Accordingly, the judgment of the court of appeal is set aside, and the judgment of the trial court is reinstated. Costs in the court of appeal and in this court are to be equally divided.
MARCUS, J., concurs and assigns reasons.
BLANCHE, J., concurs and will assign reasons.
MARCUS, Justice (concurring).
I agree that a $9,000 credit should be given on the debt owed to plaintiff based upon the majority's finding of an agreement between the parties to that effect. However, I do not consider the debtor's cash sale of his lot to the creditor to be a partial dation en paiement. Accordingly, I respectfully concur in the result.
NOTES
[*] Blanche, J., retired, participated in this case ad hoc in place of Cole, J., the matter having been heard and submitted before Justice Cole replaced Justice Blanche on the Court.
[1] Giving in payment is conceptually similar in some legal respects to novation. In novation two parties contract by a promise of giving something different in payment of a sum due, while in dation en paiement one party delivers and the other party accepts the thing in payment of the debt. See S. Litvinoff, 6 Louisiana Civil Law TreatiseObligations § 398 (1969). Delivery is essential to a giving in payment in Louisiana. La.C.C. Art. 2656.
[2] An expert real estate appraiser presented by defendant's heirs valued the lot at $22,000 at the time of the transfer. There was no other evidence of value in 1981.
[3] Since defendant died shortly after suit was filed, neither his testimony nor his deposition was available at trial.
[4] Plaintiff's claim that he paid the $13,000 and acquired the lot in order to avoid being left with an unsecured note after a foreclosure is illogical. In order for the sale of the third house to proceed without foreclosure, it was necessary for plaintiff to release the house from his mortgage, leaving the debt unsecured.
[5] Plaintiff and defendant signed the sale at different times. Defendant was in a weakened condition from his illness, and the notary went outside his office to defendant's car to obtain his signature.
[6] At the time of the lot sale, plaintiff and his wife were legally separated. They were divorced at time of trial.
[7] At the time of the construction financing for each house, the pertinent lot was released from the original collateral mortgage and made subject to a new construction loan.

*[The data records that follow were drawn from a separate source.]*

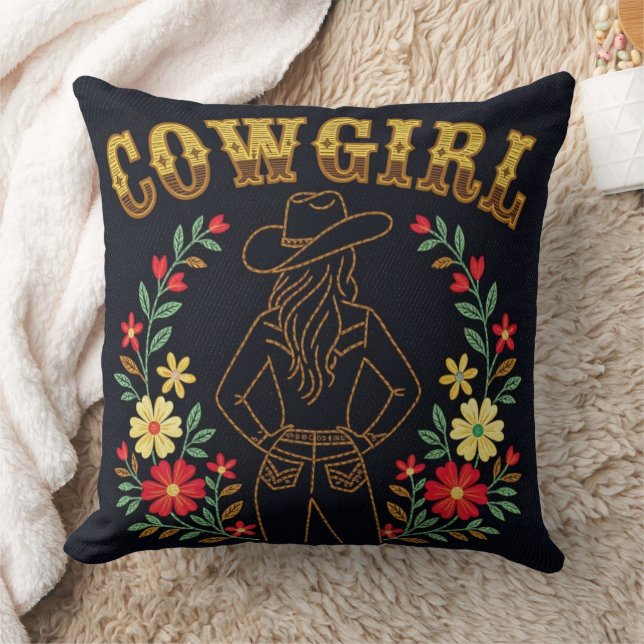 Coussin Dark Denim Cowgirl Throw Pillow (Couverture)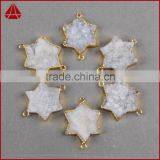 White Summer SALE Star Druzy Druzzy Drusy Electroplated 24K Gold Plated Double Bail Pendant thumbnail-4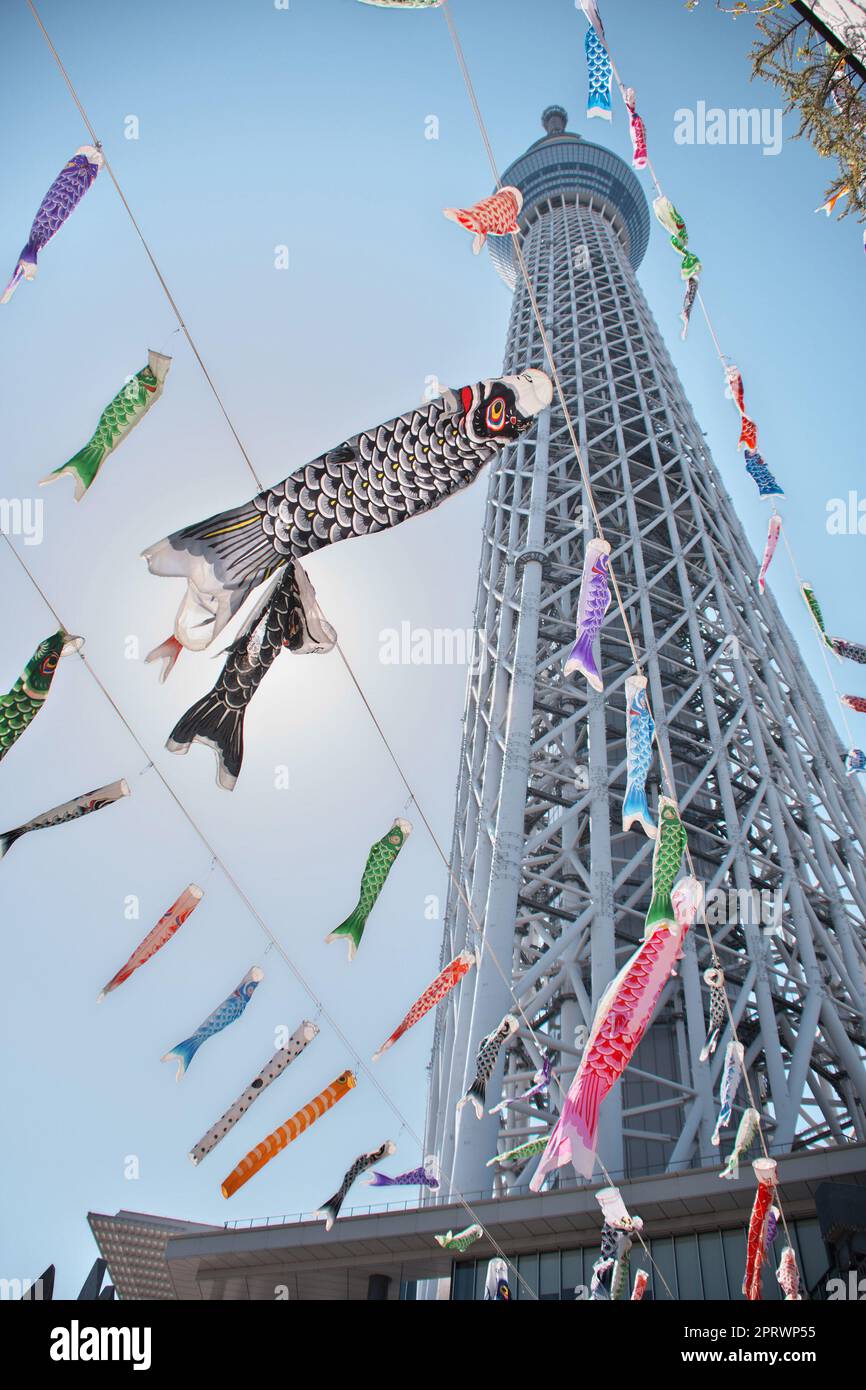 Tokyo, Japan. 27th Apr, 2023. About 1500 Carp Streamers are seen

[8] Because the third house remained unsold and subject to a construction loan for three years during a period of high interest rates, plaintiff could not reasonably have expected that any proceeds of the sale would be available in excess of the amount due on the construction loan.
[9] The bank collected this debt in full after defendant's death when his widow and children were forced to sell the family home, realizing only a small amount after the payment of several mortgages.
[10] Although defendant's wife testified at trial, her deposition was also introduced into evidence and was admitted for all purposes.
[11] If plaintiff had sold the lot for $22,000 shortly after he acquired it from defendant, the record in this suit on the $18,000 note would clearly support the affirmative defense to the extent of $9,000. Because the lot had not been sold, it was necessary for the trial court to quantify the credit in this suit to collect the debt.